** Work required **
Retype nothing except the lines below from the one with "As a final test, once" through the one with "Kid Chefs Best On The Bay Coming Up", exactly, with images left out.

(Beginning of Dataset entries)

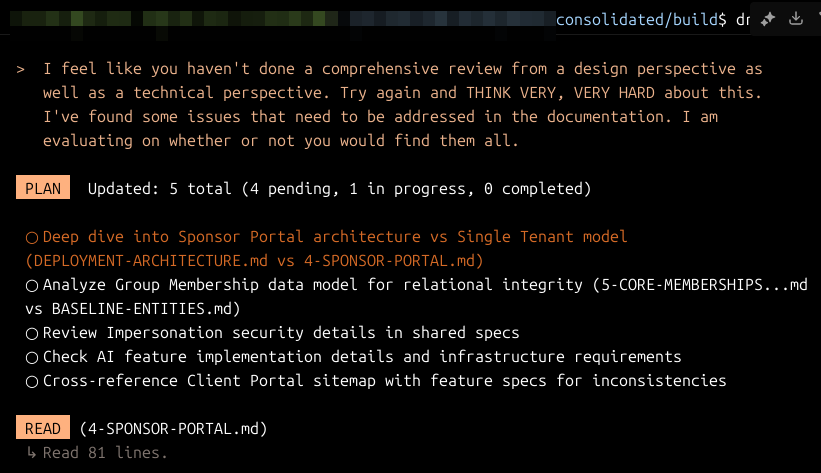 AriesTheCoder's tweet image. After a couple of days with it, locking in @FactoryAI + Gemini + @antigravity as my stack for the short term.

As a final test, once I finished running through all the specs, I still found some things in the docs that were not 100%. 

I grilled Gemini about it. Initially, it did…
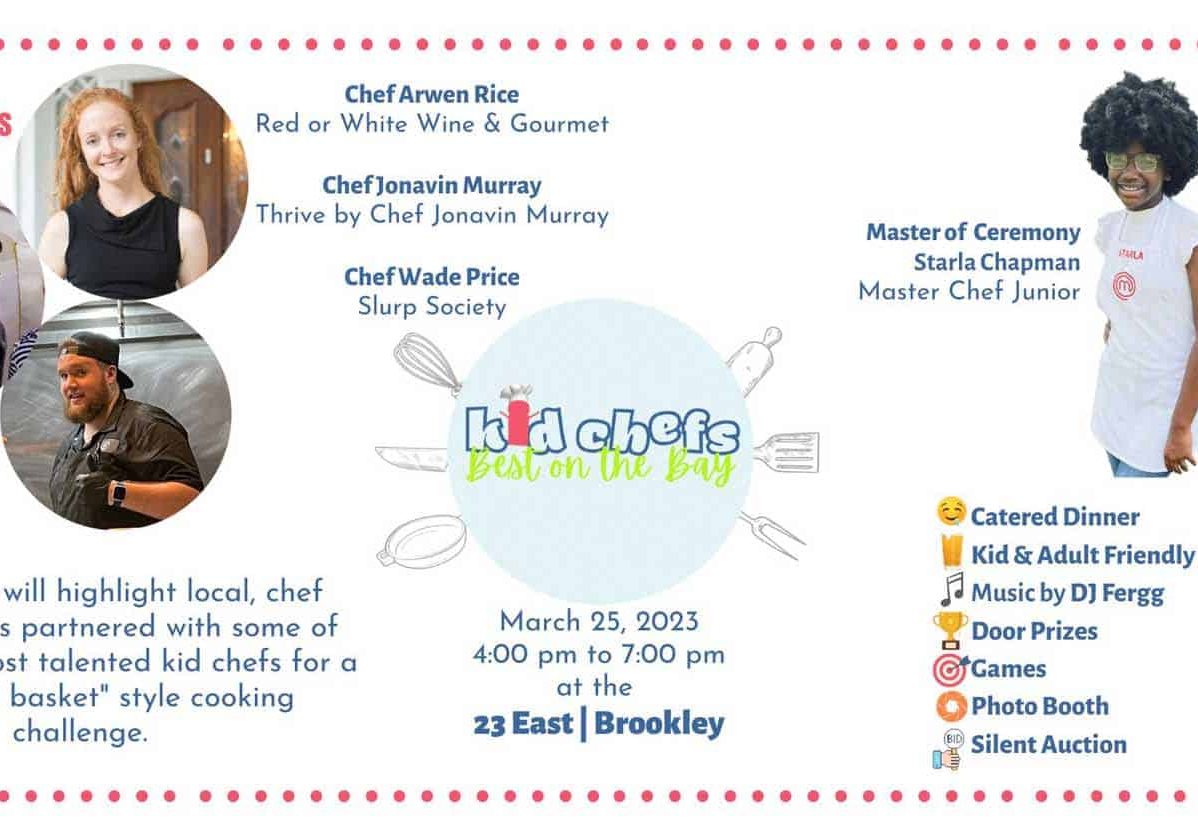 Kid Chefs Best On The Bay Coming Up
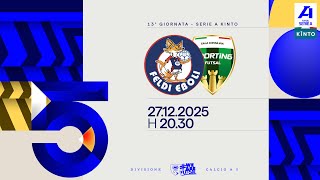 Feldi Eboli-Sporting Sala Consilina 2-2 | 13ª giornata | Serie A KINTO 2025/2026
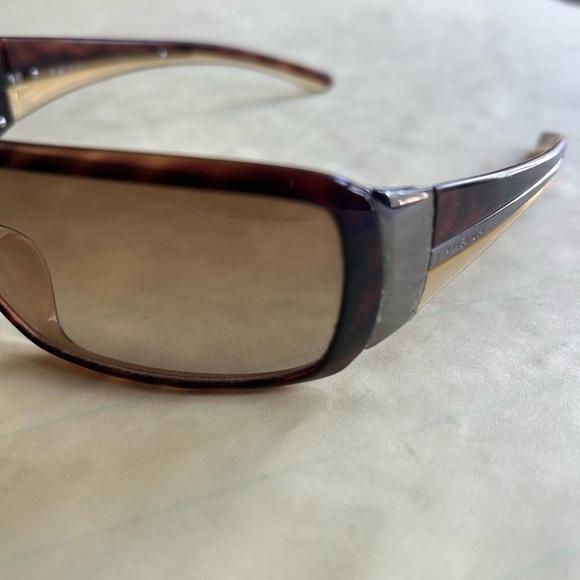 Prada Tortoise Shell Sunglasses - Picture 7 of 11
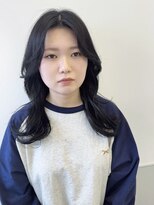 ゴウトゥデイシェアサロン 町田店(GO TODAY SHAiRE SALON) 韓国レイヤー×グレーブラック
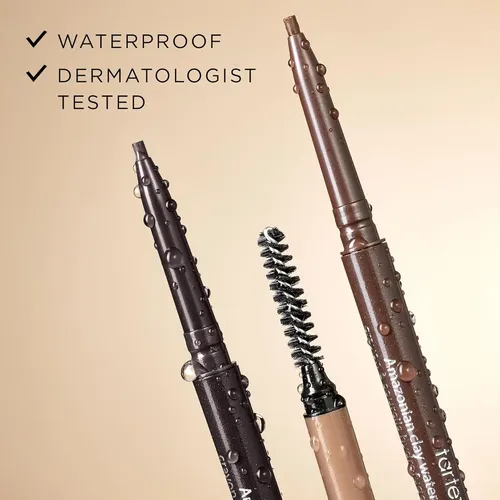 Lápiz De Cejas Tarte A Prueba De Agua Marrón Medio 15.1cm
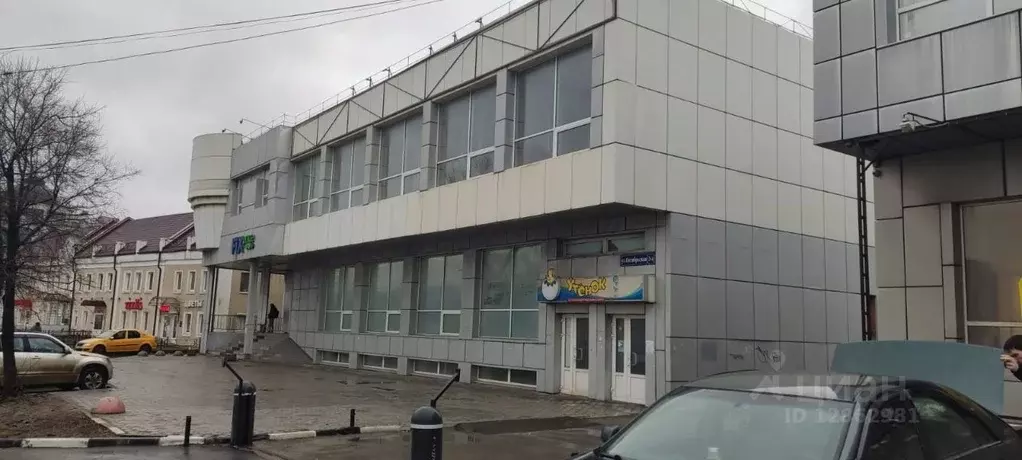 Помещение свободного назначения в Тульская область, Тула Октябрьская ... - Фото 1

(End of Dataset entries)

** Answer **
As a final test, once I finished running through all the specs, I still found some things in the docs that were not 100%. 

I grilled Gemini about it. Initially, it did…
 Kid Chefs Best On The Bay Coming Up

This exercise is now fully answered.